The equation of the tangent line to f(x) at the point (2,6) is y=6x-6.?

Question

the equation of the tangent line to g(x) at the point (2,3) is y=y=2x-1. The function h(x) is f(x)/g(x). what is the equation of the tangent line to h(x) at the point (2,3)

Answer 1

The tangent line to the function f(x) is y = 6x - 6 and the point (2, 6).

The tangent line to the function g(x) is y = 2x - 1 and the point (2, 3).

The function h(x) = f(x)/g(x) and the point is (2, 3).

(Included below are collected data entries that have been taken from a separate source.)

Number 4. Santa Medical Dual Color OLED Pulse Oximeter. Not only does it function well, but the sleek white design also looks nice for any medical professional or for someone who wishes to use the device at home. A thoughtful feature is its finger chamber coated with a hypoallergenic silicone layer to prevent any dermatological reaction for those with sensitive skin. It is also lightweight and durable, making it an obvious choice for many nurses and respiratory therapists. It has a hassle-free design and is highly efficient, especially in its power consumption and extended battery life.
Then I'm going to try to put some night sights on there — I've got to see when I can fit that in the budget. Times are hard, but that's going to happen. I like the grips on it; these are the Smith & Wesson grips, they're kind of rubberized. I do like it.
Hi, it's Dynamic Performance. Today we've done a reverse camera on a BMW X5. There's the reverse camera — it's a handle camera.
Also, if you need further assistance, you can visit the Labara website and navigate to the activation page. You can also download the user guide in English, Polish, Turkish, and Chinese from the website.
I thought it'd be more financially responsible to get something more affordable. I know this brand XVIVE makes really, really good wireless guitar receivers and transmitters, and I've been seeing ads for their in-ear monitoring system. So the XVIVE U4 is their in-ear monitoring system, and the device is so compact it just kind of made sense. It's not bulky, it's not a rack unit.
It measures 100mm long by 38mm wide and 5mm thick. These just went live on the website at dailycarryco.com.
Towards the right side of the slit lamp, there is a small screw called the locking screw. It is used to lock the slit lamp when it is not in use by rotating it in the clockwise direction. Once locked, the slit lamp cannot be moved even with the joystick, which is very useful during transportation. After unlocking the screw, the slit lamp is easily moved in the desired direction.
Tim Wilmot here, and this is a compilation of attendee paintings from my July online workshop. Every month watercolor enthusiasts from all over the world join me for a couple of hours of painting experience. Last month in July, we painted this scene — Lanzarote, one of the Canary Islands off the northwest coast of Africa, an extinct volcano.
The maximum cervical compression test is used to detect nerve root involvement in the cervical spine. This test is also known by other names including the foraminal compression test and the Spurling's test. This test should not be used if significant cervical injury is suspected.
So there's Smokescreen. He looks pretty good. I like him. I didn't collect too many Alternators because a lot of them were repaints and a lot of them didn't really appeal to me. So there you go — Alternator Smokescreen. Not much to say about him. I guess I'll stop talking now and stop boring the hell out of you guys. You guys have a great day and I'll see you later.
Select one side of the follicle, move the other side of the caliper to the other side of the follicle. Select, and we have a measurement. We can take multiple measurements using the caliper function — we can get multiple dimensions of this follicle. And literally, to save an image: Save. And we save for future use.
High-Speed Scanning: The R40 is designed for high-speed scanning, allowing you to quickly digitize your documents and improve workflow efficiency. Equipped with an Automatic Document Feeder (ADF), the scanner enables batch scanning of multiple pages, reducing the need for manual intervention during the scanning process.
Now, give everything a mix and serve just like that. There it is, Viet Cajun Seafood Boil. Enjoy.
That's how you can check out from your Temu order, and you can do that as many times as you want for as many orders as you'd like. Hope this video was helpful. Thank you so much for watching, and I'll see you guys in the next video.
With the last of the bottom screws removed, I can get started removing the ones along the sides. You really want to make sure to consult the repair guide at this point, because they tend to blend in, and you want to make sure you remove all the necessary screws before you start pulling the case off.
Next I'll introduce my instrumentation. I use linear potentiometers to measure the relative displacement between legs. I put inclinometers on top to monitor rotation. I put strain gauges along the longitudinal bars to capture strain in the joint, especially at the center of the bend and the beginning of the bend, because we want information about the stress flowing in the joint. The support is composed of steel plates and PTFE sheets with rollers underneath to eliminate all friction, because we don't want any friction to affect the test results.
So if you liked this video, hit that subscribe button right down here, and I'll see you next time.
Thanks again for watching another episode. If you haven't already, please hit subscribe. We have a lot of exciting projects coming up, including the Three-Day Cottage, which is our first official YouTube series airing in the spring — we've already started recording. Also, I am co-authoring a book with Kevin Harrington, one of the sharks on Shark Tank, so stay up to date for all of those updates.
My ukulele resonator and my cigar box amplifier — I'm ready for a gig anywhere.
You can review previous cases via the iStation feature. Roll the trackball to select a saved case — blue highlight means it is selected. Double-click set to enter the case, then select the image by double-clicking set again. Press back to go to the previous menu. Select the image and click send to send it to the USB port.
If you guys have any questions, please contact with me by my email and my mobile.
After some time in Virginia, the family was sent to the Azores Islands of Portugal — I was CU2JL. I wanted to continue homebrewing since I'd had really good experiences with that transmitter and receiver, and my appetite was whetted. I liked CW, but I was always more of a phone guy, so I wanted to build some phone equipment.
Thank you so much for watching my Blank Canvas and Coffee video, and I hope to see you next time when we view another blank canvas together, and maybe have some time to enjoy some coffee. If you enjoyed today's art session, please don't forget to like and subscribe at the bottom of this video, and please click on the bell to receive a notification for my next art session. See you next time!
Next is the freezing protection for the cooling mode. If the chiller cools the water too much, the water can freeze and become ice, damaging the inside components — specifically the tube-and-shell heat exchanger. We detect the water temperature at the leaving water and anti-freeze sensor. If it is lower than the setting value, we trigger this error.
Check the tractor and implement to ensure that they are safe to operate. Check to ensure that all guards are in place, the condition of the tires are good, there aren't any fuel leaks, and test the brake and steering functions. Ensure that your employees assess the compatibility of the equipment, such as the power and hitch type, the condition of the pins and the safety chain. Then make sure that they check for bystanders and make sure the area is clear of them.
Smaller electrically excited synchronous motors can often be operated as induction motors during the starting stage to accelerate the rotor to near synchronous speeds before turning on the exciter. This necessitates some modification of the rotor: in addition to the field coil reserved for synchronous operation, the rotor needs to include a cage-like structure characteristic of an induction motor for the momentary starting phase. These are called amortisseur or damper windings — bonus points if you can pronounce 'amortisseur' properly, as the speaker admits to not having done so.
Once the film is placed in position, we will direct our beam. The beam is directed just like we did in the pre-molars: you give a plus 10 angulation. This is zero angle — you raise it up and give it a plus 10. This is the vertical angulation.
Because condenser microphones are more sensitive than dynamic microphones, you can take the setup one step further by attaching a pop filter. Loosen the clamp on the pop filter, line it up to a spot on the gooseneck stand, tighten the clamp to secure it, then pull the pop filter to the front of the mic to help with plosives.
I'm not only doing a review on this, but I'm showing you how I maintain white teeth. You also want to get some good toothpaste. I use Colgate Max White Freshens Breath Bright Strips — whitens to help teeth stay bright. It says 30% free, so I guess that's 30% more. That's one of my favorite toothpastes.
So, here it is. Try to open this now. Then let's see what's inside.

Differentiate with respect to x.

h'(x) = [g(x) * f'(x) - f(x) * g'(x)]/[g(x)]²

Substitute x = 2 in the above equation

h'(2) = [g(2) * f'(2) - f(2) * g'(2)]/[g(2)]²

f'(x) = 6x - 6 ⇒ f'(2) = 6(2) - 6 = 6.

g'(x) = 2x - 1 ⇒ g'(2) = 2(2) - 1 = 3.

Find f(x):

ʃ f'(x) dx = ʃ (6x - 6) dx

f(x) = 3x² - 6x + C

Find the value of C, substitute x = 2, and f(x) = 3 in the above function.

3 = 3*2² - 6*2 + C ⇒ C = 3

f(x) = 3x² - 6x + 3 ⇒ f(2) = 3*2² - 6*2 + 3 = 3.

Find g(x):

ʃ g'(x) dx = ʃ (2x - 1) dx

g(x) = x² - x + C

Find the value of C, substitute x = 2, and g(x) = 3 in the above function.

3 = 2² - 2 + C ⇒ C = 1

g(x) = x² - x + 1 ⇒ g(2) = 2² - 2 + 1 = 3.

h'(2) = [g(2) * f'(2) - f(2) * g'(2)]/[g(2)]²

h'(2) = [3 * 6 - 3 * 3]/3² = 1.

Substitute m = 1 and (x₁, y₁) = (2,3) in the point-slope form of line equation: y - y₁ = m(x - x₁).

y - 3  = 1(x - 2)

y  = x + 1

The tangent line to function h(x) at (2, 3) is y  = x + 1.